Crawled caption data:

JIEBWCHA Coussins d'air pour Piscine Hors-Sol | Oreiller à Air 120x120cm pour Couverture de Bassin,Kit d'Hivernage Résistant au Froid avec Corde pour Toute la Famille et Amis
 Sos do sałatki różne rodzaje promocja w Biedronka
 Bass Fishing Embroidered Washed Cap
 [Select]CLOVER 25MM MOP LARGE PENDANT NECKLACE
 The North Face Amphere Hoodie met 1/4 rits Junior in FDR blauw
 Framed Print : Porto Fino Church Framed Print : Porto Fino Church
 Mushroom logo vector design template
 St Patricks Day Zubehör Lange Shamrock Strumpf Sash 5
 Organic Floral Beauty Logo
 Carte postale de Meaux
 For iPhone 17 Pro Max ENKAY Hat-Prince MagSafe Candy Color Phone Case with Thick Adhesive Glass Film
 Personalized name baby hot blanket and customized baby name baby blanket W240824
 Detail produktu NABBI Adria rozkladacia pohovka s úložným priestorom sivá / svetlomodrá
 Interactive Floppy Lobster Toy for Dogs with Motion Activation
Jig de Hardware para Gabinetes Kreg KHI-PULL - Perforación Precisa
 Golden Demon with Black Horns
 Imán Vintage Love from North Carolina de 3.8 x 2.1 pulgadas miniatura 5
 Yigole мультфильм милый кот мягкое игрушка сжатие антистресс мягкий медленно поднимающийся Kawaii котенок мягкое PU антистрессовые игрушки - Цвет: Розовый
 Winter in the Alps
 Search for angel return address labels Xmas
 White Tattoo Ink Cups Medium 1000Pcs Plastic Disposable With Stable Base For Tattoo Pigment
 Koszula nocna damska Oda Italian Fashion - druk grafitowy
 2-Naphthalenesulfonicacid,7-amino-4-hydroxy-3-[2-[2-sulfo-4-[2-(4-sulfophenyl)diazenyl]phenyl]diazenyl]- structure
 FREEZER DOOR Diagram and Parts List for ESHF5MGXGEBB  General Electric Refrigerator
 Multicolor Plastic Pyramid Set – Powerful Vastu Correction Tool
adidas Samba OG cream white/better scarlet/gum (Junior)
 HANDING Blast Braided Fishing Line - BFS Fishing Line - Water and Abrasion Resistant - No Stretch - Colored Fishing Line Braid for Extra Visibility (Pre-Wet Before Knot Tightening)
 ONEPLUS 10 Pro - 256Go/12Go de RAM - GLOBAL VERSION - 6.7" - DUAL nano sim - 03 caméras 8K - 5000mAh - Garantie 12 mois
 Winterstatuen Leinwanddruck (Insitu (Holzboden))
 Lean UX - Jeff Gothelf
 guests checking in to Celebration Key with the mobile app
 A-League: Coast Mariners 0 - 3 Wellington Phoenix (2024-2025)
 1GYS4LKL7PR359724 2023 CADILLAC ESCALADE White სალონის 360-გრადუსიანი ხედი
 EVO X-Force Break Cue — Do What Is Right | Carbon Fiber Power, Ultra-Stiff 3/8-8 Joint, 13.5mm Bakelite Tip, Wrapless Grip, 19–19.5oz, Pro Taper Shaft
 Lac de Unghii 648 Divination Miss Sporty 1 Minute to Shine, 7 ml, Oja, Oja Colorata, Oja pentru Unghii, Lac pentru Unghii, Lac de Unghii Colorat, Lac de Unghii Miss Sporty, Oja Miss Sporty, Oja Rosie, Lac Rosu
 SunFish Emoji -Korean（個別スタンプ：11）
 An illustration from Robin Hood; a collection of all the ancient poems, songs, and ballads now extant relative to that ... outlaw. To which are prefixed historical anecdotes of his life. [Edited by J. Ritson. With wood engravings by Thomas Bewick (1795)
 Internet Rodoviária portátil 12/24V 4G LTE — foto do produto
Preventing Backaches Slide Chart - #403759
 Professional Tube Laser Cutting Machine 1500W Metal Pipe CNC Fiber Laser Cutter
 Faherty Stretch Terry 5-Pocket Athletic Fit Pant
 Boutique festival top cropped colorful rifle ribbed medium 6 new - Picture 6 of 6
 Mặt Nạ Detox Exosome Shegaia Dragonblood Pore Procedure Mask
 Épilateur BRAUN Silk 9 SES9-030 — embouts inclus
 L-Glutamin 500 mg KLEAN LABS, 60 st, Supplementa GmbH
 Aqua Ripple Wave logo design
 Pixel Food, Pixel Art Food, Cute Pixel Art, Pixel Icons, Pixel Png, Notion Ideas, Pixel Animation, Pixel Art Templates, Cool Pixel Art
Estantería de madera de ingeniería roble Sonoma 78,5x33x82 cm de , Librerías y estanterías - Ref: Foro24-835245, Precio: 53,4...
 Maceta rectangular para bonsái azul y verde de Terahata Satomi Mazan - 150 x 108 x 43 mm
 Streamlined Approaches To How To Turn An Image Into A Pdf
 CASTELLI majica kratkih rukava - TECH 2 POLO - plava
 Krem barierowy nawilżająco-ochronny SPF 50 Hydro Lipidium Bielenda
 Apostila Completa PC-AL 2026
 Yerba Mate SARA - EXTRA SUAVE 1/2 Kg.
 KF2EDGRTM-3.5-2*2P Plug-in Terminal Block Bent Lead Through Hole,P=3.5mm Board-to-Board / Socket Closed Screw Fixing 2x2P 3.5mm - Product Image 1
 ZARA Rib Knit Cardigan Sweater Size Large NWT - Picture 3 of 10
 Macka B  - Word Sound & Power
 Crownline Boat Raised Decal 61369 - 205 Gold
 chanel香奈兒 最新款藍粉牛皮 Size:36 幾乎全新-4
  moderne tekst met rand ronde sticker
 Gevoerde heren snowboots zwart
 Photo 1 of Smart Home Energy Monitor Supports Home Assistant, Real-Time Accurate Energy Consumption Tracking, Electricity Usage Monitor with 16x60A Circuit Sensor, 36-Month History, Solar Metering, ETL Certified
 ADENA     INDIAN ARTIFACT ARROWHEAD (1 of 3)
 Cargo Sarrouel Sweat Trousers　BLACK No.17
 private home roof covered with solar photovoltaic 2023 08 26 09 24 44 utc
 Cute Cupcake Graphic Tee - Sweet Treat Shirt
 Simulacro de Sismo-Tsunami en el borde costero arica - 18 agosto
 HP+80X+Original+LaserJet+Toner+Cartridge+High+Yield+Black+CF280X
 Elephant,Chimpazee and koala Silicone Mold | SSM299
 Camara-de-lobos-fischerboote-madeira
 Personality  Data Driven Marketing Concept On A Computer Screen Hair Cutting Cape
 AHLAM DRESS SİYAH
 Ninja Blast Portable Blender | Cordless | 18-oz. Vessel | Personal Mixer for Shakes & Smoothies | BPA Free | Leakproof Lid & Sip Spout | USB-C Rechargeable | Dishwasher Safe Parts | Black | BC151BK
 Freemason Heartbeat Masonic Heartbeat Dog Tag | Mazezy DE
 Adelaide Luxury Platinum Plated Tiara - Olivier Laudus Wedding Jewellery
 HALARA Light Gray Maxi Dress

**Work item:** Give the lines from the one containing "Camara-de-lobos-fischerboote-madeira" through the end of the entries again, exactly as written and with no other lines.

**Solution to this exercise:**
 Camara-de-lobos-fischerboote-madeira
 Personality  Data Driven Marketing Concept On A Computer Screen Hair Cutting Cape
 AHLAM DRESS SİYAH
 Ninja Blast Portable Blender | Cordless | 18-oz. Vessel | Personal Mixer for Shakes & Smoothies | BPA Free | Leakproof Lid & Sip Spout | USB-C Rechargeable | Dishwasher Safe Parts | Black | BC151BK
 Freemason Heartbeat Masonic Heartbeat Dog Tag | Mazezy DE
 Adelaide Luxury Platinum Plated Tiara - Olivier Laudus Wedding Jewellery
 HALARA Light Gray Maxi Dress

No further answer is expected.